Toxocara canis 30-35 kDa excretory-secretory antigen is an important marker in mice challenged by inocula containing different parasite load levels.

The Western-blotting technique was applied to identify antigenic fractions of excretory-secretory Toxocara canis antigen recognized by IgG antibodies throughout an experimental infection in mice challenged by different inocula. Mice were inoculated with 5, 50 and 500 embryonated eggs and serum samples were collected 15, 30, 60, 90 and 120 days post-infection. Serum samples were analyzed using an excretory-secretory Toxocara antigen. Antibodies recognized antigenic fractions from 30 to 90 kDa. The protein fraction of 30-35 kDa was the most frequently recognized regardless of the size of inoculum and the stage of infection represented by the different collection times, but the antigenic recognition was more evident in groups infected with 50 and 500 eggs. This study presents an antigenic panel of the excretory-secretory antigen of T. canis and suggests that the 30-35 kDa antigenic fraction is a promising marker of the infection and should be further explored in future studies on experimental toxocariasis.

INTRODUCTION

Toxocariasis, a zoonosis caused by Toxocara canis and Toxocara cati nematode larvae, causes a variety of syndromes, including visceral larva migrans, ocular larva migrans, common or covert toxocariasis and neurotoxocariasis . Rats and mice are paratenic hosts, widely used in research due to the similarities of their infections with those of humans with respect to the host-parasite relationship, larvae migration patterns, in addition to being easily maintained in the laboratory .

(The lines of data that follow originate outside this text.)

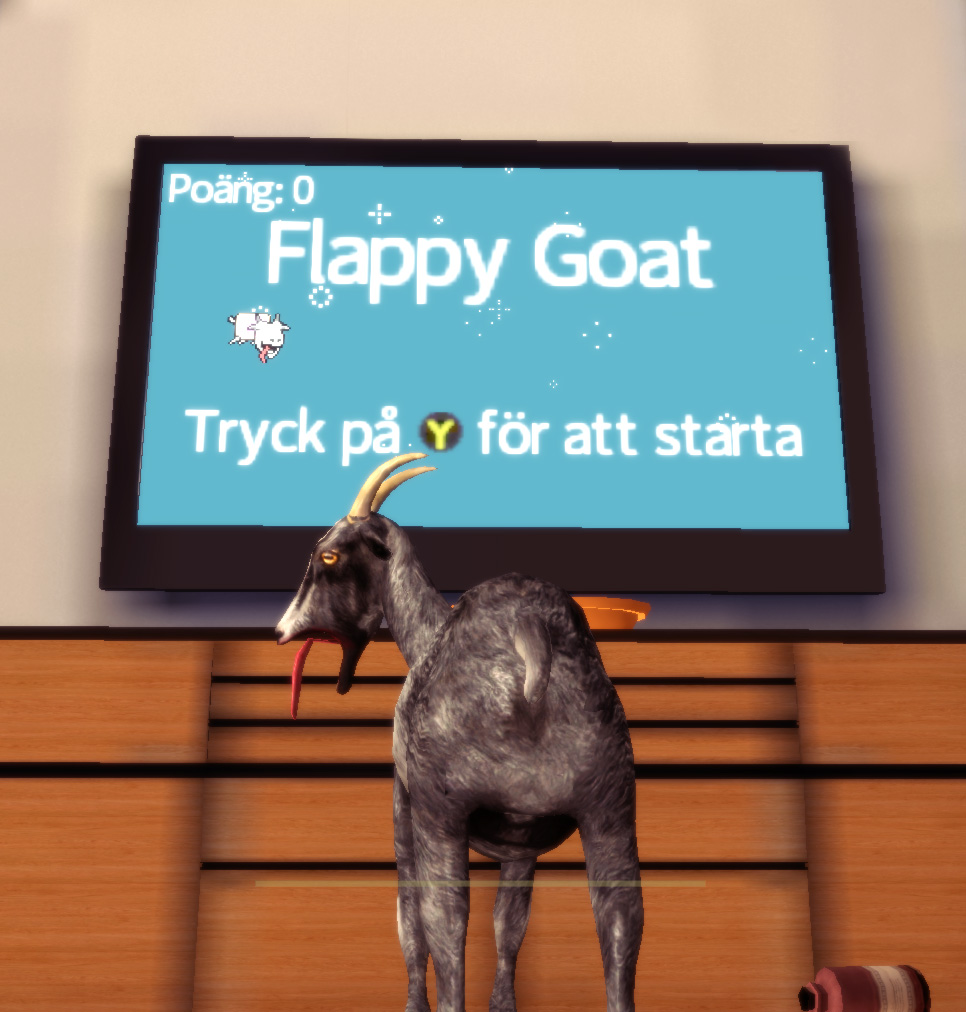 Goat Simulator screenshot Flappy Goat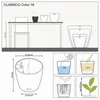 LECHUZA-Pot de plantes CLASSICO Color 18 Blanc | Pot de Voir les images du produit 12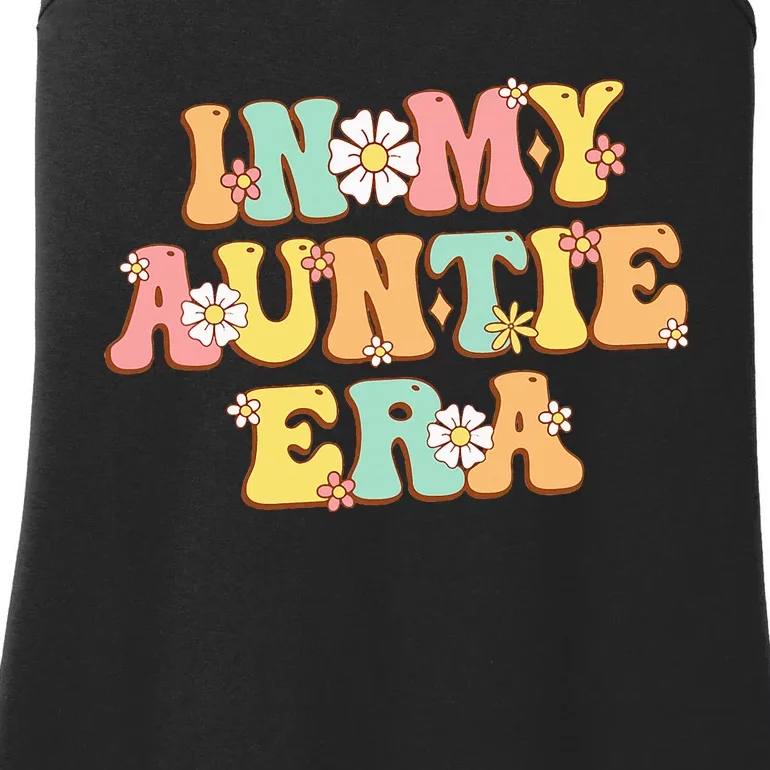 In My Auntie Era Baby Announcemen Birthday Ladies Essential Tank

In the absence of direct evidence of the parasite infection in paratenic hosts, indirect detection, especially of antibodies using immunological methods has a relevant role in the diagnosis of toxocariasis . The literature has highlighted the use of Western-blotting (WB) techniques for the investigation of many immunological aspects . The recognition of antigenic fractions of the parasite by IgG antibodies throughout experimental infections induced by different inocula has not yet been evaluated. This study aimed to describe an antigen recognition panel by IgG anti-Toxocara antibodies in mice infected with different T. canis inocula throughout the infection.

MATERIALS AND METHODS

Twenty-five BALB/c specific pathogen-free male mice, 6-8 weeks old, acquired from Centro de Bioterismo of the Faculdade de Medicina of the Universidade de Sao Paulo, were divided into three groups (I, II and III). Six animals in each group were infected via intragastric intubation with 5, 50 or 500 embryonated T. canis eggs (L3), suspended in 200 μL of saline solution, respectively. Seven non-infected mice received 200 μL of saline solution (negative controls). All the animals received water and diet ad libitum and were treated in accordance with the ethical guidelines of the Animal Ethics Committee of the Instituto de Medicina Tropical de Sao Paulo (protocol CPE-IMT/254) and Ethics Committee on Animal Studies of the Faculdade de Medicina of the Universidade de Sao Paulo (protocol 162/15). Animals in all groups were anesthetized with xylazine and ketamine at concentrations of 10 mg/kg and 100 mg/kg, respectively, and serum samples were obtained 15, 30, 60, 90 and 120 days post-infection (dpi) by the retro orbital plexus, divided into aliquots and stored at -20 °C. Animals were euthanized by intravenous administration of a thiopental overdose of 100 mg/kg. Confirmation on the loss of consciousness and death were made by cervical dislocation at the end of the experiment.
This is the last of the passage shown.